Thursday, September 20, 2007

A Saga of Sewage, Silt, and City Responsibility

Back in 1998, Jenney Romine reported that raw sewage from a pipe behind her home leaked down the hill, down her driveway, down Trenton Boulevard, and into Scull Creek as it flows through Wilson Park. The matter is still in litigation, but it can serve as a lesson to reveal how local government invokes different principles for residents in different neighborhoods of the city.

In 2004, Greg Boettcher, Fayetteville’s director of water and wastewater operations, finally acknowledged that sewage from two houses located uphill from Romine’s home is flushing down the steep hillside, and Doug Szenher of the Arkansas Department of Environmental Quality said raw sewage leaking onto the ground is an enforceable violation of state health standards. When asked later if the cleanup of the property could be done by city staff, Bob Davis, the next director of water and wastewater, told members of the Fayetteville City Council Water and Sewer Committee, "I’m not sure they’re trained to deal with this amount of raw sewage."

In 2005, Northwest Arkansas Times employees visited Romine’s property and found a pool of raw sewage collecting in her back yard, a few feet downhill from where three sewer lines converge. The sewage apparently oozes over a retaining wall and collects in her carport before it flows down her driveway into the street. "Swarms of gnats above the puddle give the air a gray tint and the back yard has a scent similar to the Paul R. Noland Wastewater Treatment Plant." David Jurgens, water and wastewater maintenance superintendent at the time, said the city is not responsible for the problem, because it "is not and has never been a city-owned line.”

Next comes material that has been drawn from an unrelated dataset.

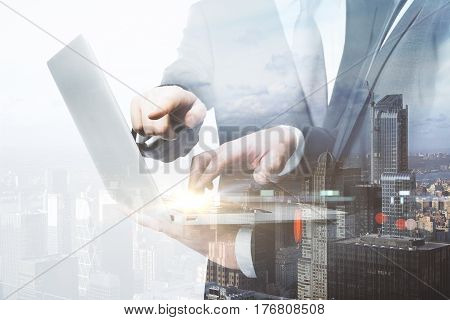Businesspeople Using Laptop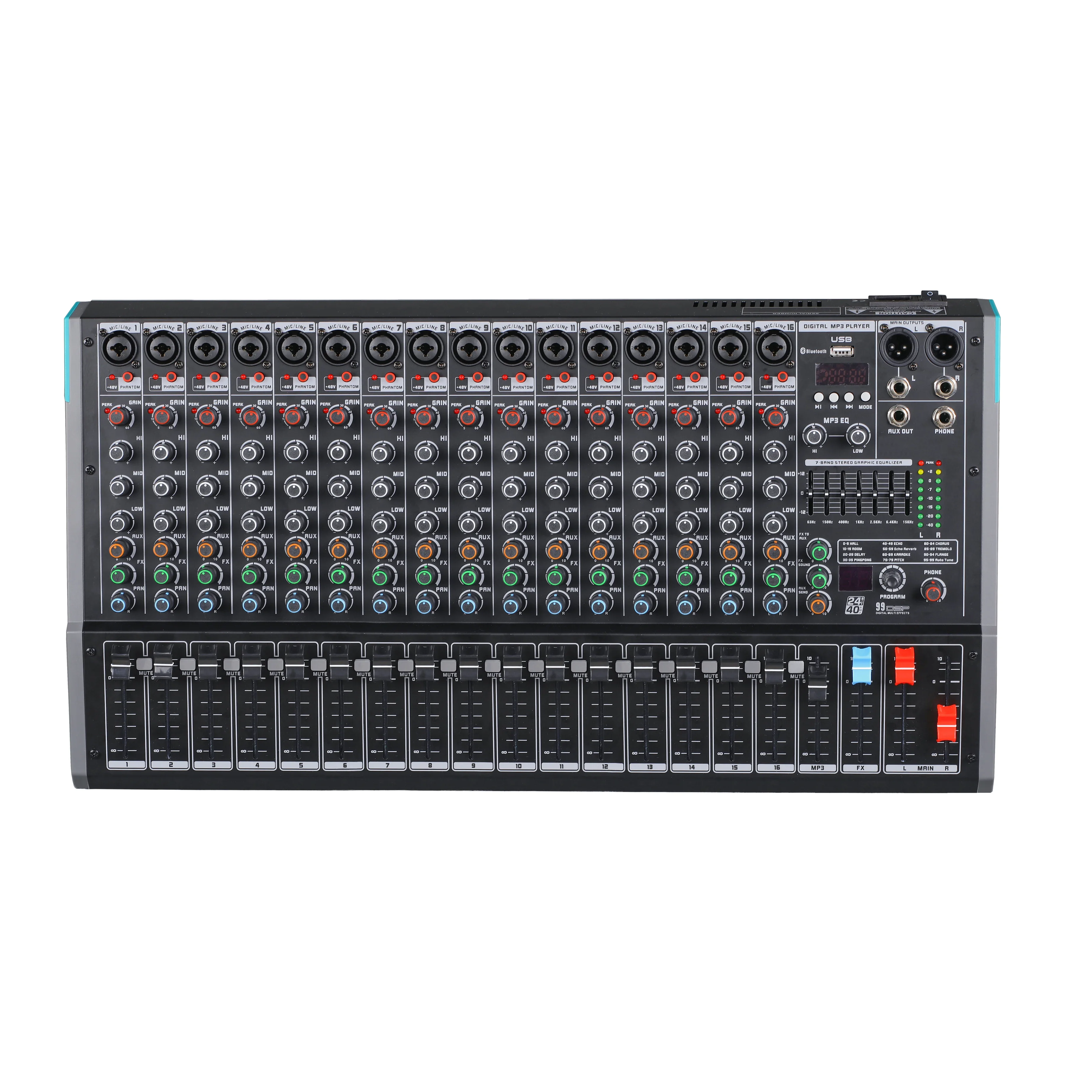 Rayco PA16 Audio Mixing Console Wtih MP3 Computer Input Built-in 99 Reverb Effect 16 Channel Audio Mixer Professional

City Attorney Kit Williams is adamant that the sewer snafu is on private property, that the city is not responsible for sewer problems on private property, and that such problems are the responsibility of the private landowner to correct at their own expense. Fourth Circuit Judge Mary Ann Gunn last week said there are enough facts in dispute over the raw sewage dumped on Romine’s property to continue litigating whether David Jurgens acted with conscious indifference. The City is still fighting that and will appeal, delaying a final resolution even longer.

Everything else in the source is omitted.